◆ WHAT YOU ARE ASKED TO DO: Whatever pictures appear, omit them, and repeat the data below exactly.
DATASET EXCERPT START
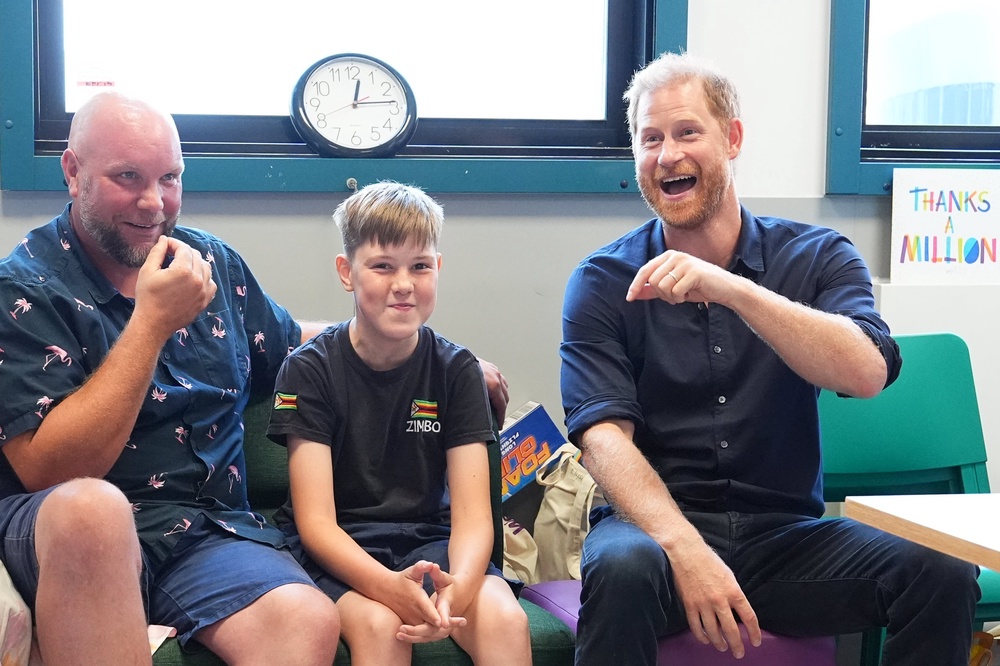 Harry with Wyatt Makwana, 12 (Aaron Chown/PA) (PA Wire)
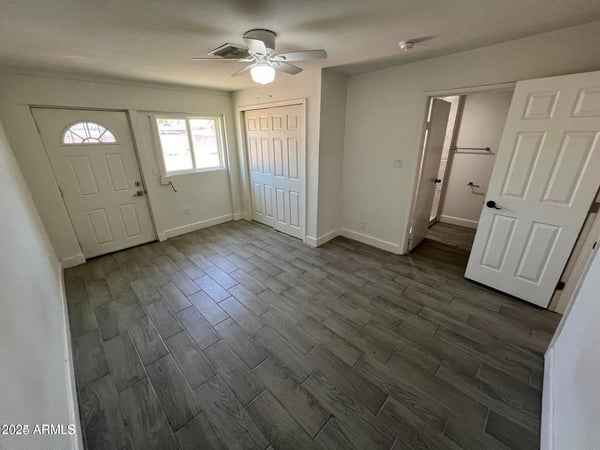 Enjoy a spacious bedroom featuring modern flooring, closet storage, and convenient bathroom access. The clean, updated design complements the home's move-in-ready condition.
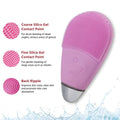 Pink facial cleansing massager brush by Everything Baby, rechargeable waterproof handheld face and baby skin hygiene tool.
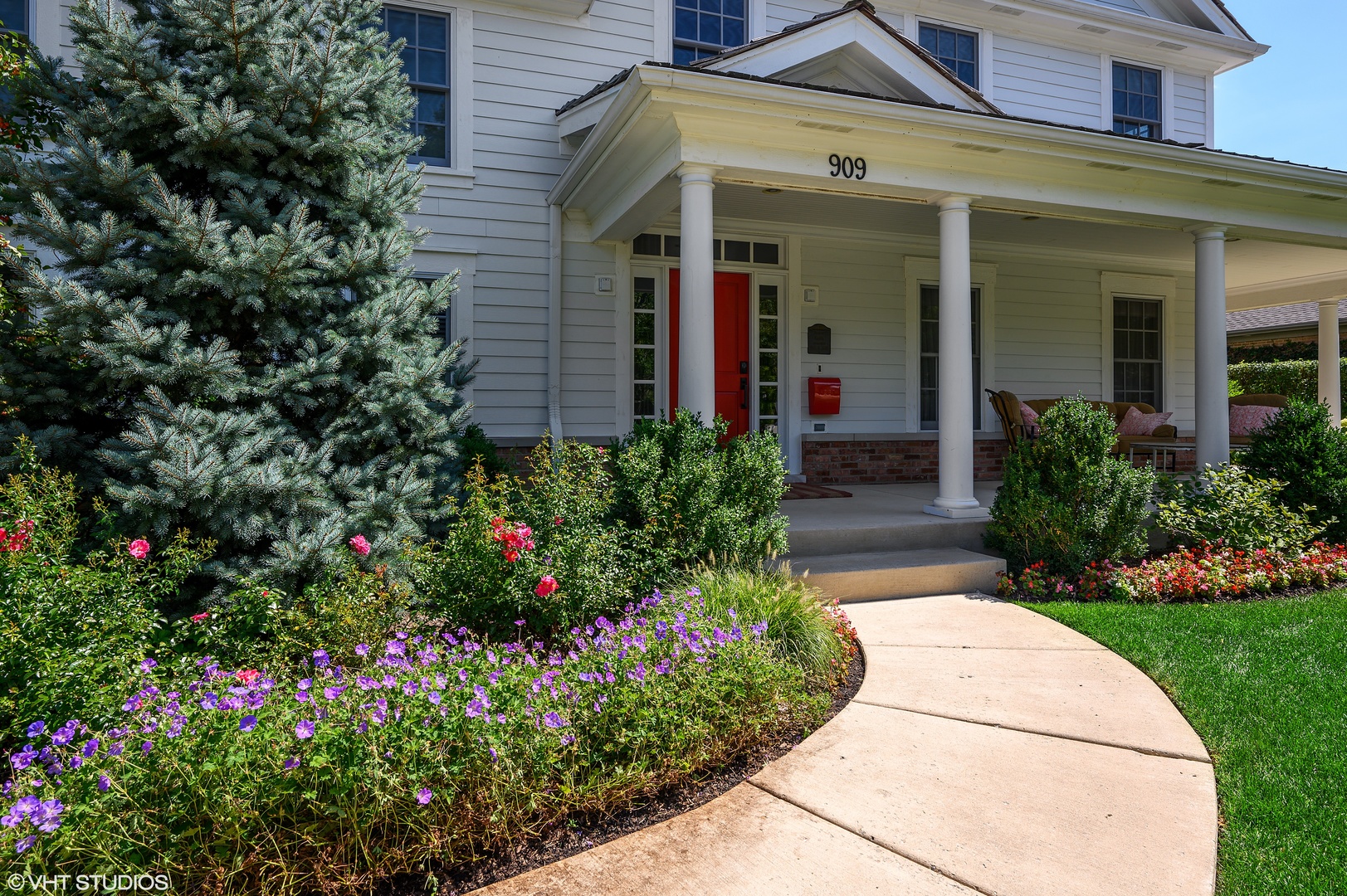 909 Windsor Road Glenview, IL 60025 - Photo 3 of 47 a view of a house with potted plants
DATASET EXCERPT END
◆ FINISHED EXERCISE:
 Harry with Wyatt Makwana, 12 (Aaron Chown/PA) (PA Wire)
 Enjoy a spacious bedroom featuring modern flooring, closet storage, and convenient bathroom access. The clean, updated design complements the home's move-in-ready condition.
 Pink facial cleansing massager brush by Everything Baby, rechargeable waterproof handheld face and baby skin hygiene tool.
 909 Windsor Road Glenview, IL 60025 - Photo 3 of 47 a view of a house with potted plants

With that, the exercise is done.